┏━━

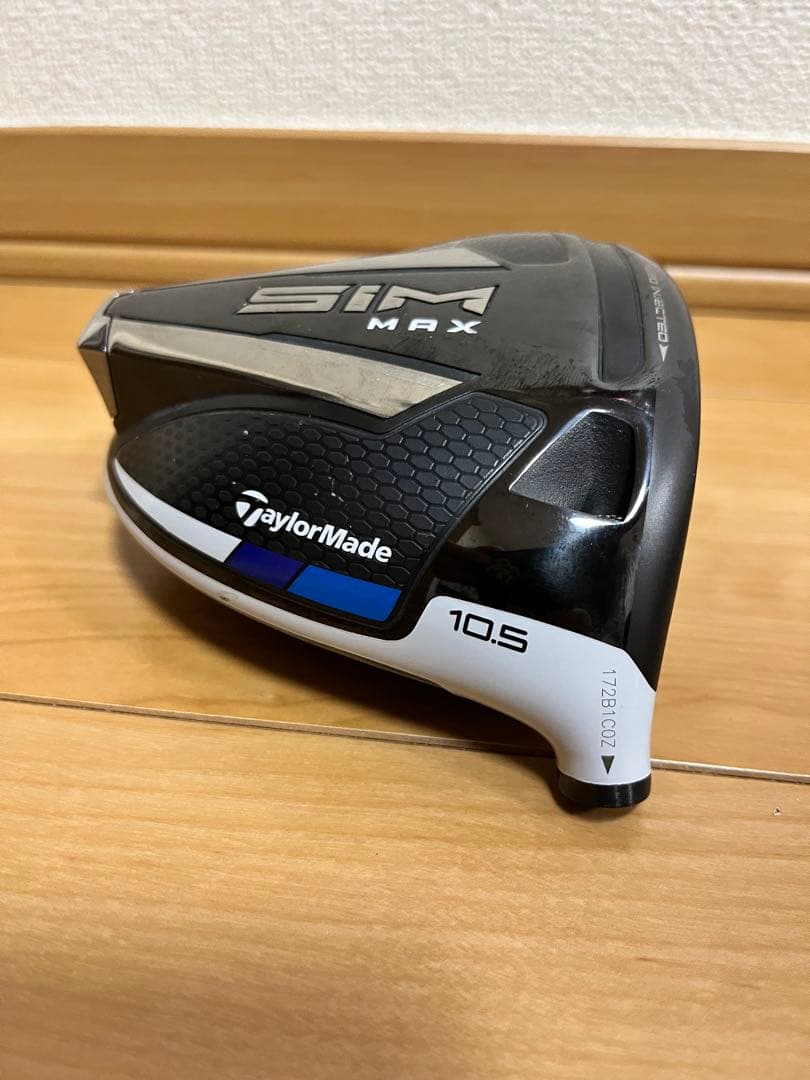 テーラーメイド　SIMMAX ドライバー 10.5 ヘッドのみ　ヘッドカバー付き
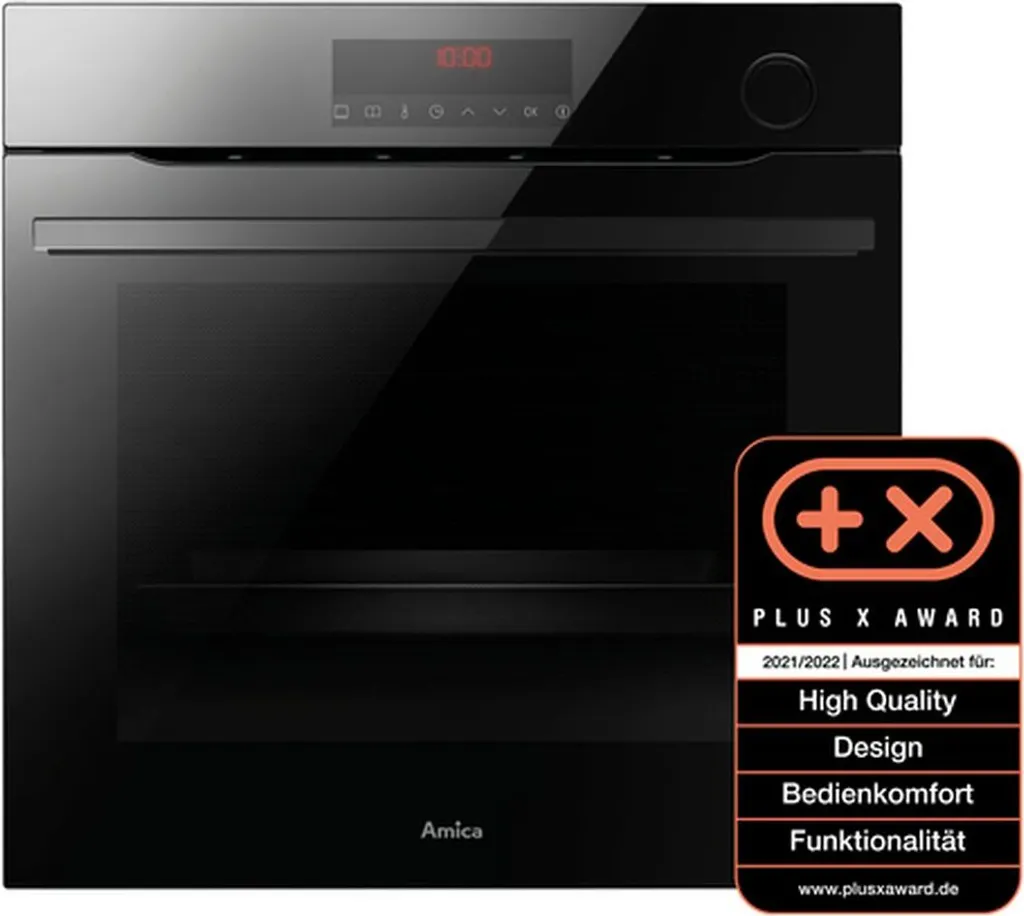 Amica - EBSX 949 610 S - Injection-Steam - Steam Cooker - Black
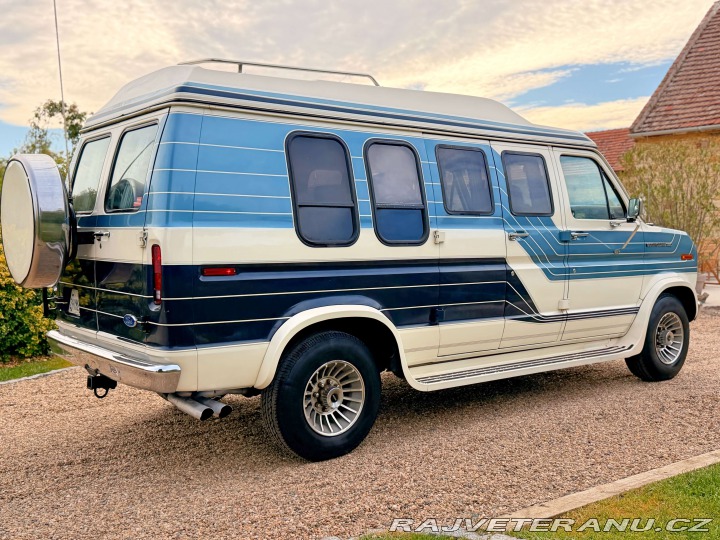 Ford Econoline E-350 7.5 V8 | Contempo 1987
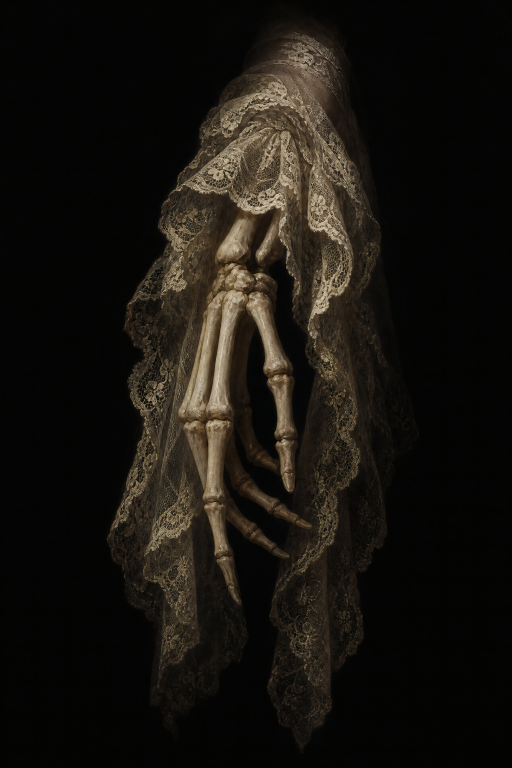 Skeleton Lady Hand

┗━━

#### [Prompt]
Exactly as written, restate all of the data, leaving out the images.

#### [Reply to the task]
 テーラーメイド　SIMMAX ドライバー 10.5 ヘッドのみ　ヘッドカバー付き
 Amica - EBSX 949 610 S - Injection-Steam - Steam Cooker - Black
 Ford Econoline E-350 7.5 V8 | Contempo 1987
 Skeleton Lady Hand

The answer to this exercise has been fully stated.